Visual Attention in CNNs
==========================

In [None]:
%matplotlib inline

from model import AttnVGG_after as VGGnet
import utilities

import matplotlib.pyplot as plt
import torch
from torch import nn
import torchvision
from torchvision import transforms
from torchvision import utils

In [None]:
# Init network
im_size = 32
net = VGGnet(im_size=im_size, num_classes=100, attention=True,
             normalize_attn=True, init='xavierUniform')

# Load network from file
device = torch.device("cuda" if torch.cuda.is_available() else "cpu")
model = nn.DataParallel(net).to(device)
model.load_state_dict(torch.load(f"nets/net.pth", map_location=device))

In [None]:
# Setup data transformation
transform_test = transforms.Compose([
    transforms.ToTensor(),
    transforms.Normalize((0.5071, 0.4867, 0.4408), (0.2675, 0.2565, 0.2761))
])

# Load CIFAR-100 data and apply transformation, enable shuffling
testset = torchvision.datasets.CIFAR100(
    root='CIFAR100_data', train=False, download=True, transform=transform_test)
testloader = torch.utils.data.DataLoader(testset, batch_size=100, shuffle=True, num_workers=5)

In [None]:
# Get all images
images, _ = next(iter(testloader))

# Take first 36 images
images = images[0:36]
# Organize them on a square grid
images_grid = utils.make_grid(images, nrow=6, normalize=True, scale_each=True)

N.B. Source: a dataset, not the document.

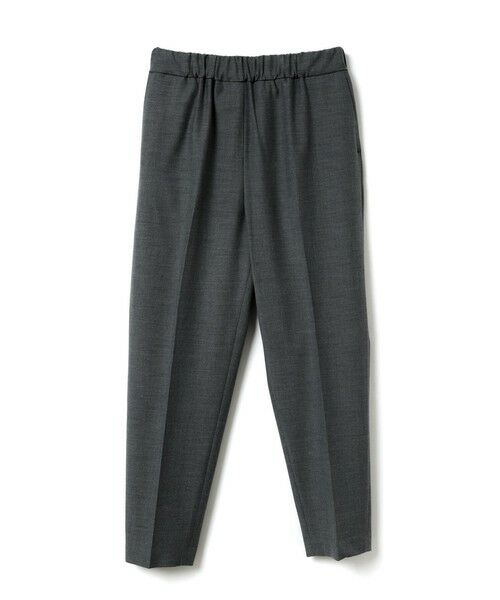 mizuiro ind / ミズイロインド その他パンツ | mizuiro ind T/Rセンタープレスパンツ(ダークグレー(color92))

plt.imshow(images_grid.permute(1, 2, 0))
plt.axis('off')

# Apply the model to get compatibility scores
_, c1, c2, c3 = model(images)
cs = [c1, c2, c3]

In [None]:
fig, axes = plt.subplots(1, 3)

for i, c in enumerate(cs):
    # Apply sigmoid to compatibility scores
    attn_grid = utilities.visualize_attn_sigmoid(
        images_grid, c, up_factor=2**(i+1), nrow=6).permute(1, 2, 0)
    axes[i].imshow(attn_grid)
    axes[i].axis('off')

plt.tight_layout()